January Bubble Wasn’t Really a Bubble
During the interview, which was focused on the economics of the cryptocurrency market, Novogratz was asked by Schatzker about the criticism from skeptics regarding the rapid movement of the valuation of the cryptocurrency market and the bubble-like trend of bitcoin in early 2018.
In response, Novogratz stated that if the January bull rally of bitcoin, Ethereum, and other cryptocurrencies is considered as a bubble, it can be described as the 1996 dot com bubble which occurred prior to the 1999 bubble that led the dot com bubble to reach a valuation of $6 trillion before it crashed to $1 trillion.
Eventually, Novogratz stated that the cryptocurrency market will rebound from its major correction in mid-2018 and surpass previous all-time highs to reach a $20 trillion market valuation.
At its peak, the cryptocurrency market was valued at around $900 billion. A $20 trillion valuation would require a 20-fold increase from its previous all-time high.

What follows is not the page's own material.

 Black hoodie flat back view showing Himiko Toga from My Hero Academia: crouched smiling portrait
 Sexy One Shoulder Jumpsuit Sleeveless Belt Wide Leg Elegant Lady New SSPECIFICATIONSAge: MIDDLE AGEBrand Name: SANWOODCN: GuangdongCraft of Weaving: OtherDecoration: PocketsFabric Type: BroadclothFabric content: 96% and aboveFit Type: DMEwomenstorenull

“[Cryptocurrency] is a global revolution. The internet bubble was only a US thing. It was rich US people participating.
[Cryptocurrency] is global. There are kids in Bangladesh buying coins. It is monstrous in Tokyo, in South Korea, in China, in India, and in Russia. We’ve got a global market and a global mania. This will feel like a bubble when we’re at $20 trillion,” said Novogratz.$20 Trillion Will Not be Easy
While Novogratz is often considered as an optimist and a bull investor in the cryptocurrency sector, he has offered evaluation of the cryptocurrency market based on real indicators, statistics, and realistic overview of the industry.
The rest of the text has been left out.